GIVEN DATA ▸
- - - -
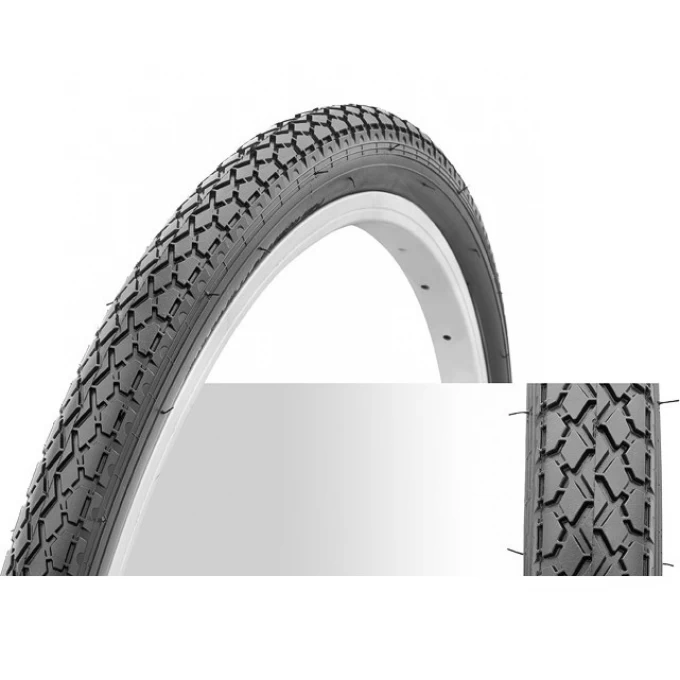 Велопокрышка 28" x 1.75" SY-B053A SEYOUN без камеры 620121 Велопокрышка 28" x 1.75" SY-B053A SEYOUN без камеры 620121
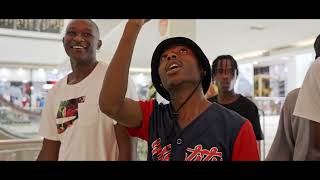 BEAN RSA amp KING ABASHWE BAYA KHULUMA Official Music Video [upl. by Davina113]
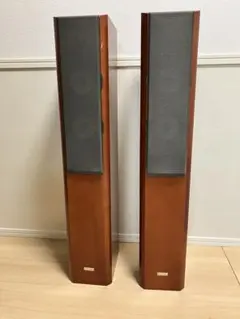 周波数特性 40Hz〜40KHz ONKYO D207F／2本セット•送料込み 周波数特性 40Hz〜40KHz ONKYO D207F／2本セット•送料込み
- - - -
EXERCISE ▸ Everything above except the pictures needs to be reproduced exactly.

ANSWER SPACE ▸
 Велопокрышка 28" x 1.75" SY-B053A SEYOUN без камеры 620121 Велопокрышка 28" x 1.75" SY-B053A SEYOUN без камеры 620121
 BEAN RSA amp KING ABASHWE BAYA KHULUMA Official Music Video [upl. by Davina113]
 周波数特性 40Hz〜40KHz ONKYO D207F／2本セット•送料込み 周波数特性 40Hz〜40KHz ONKYO D207F／2本セット•送料込み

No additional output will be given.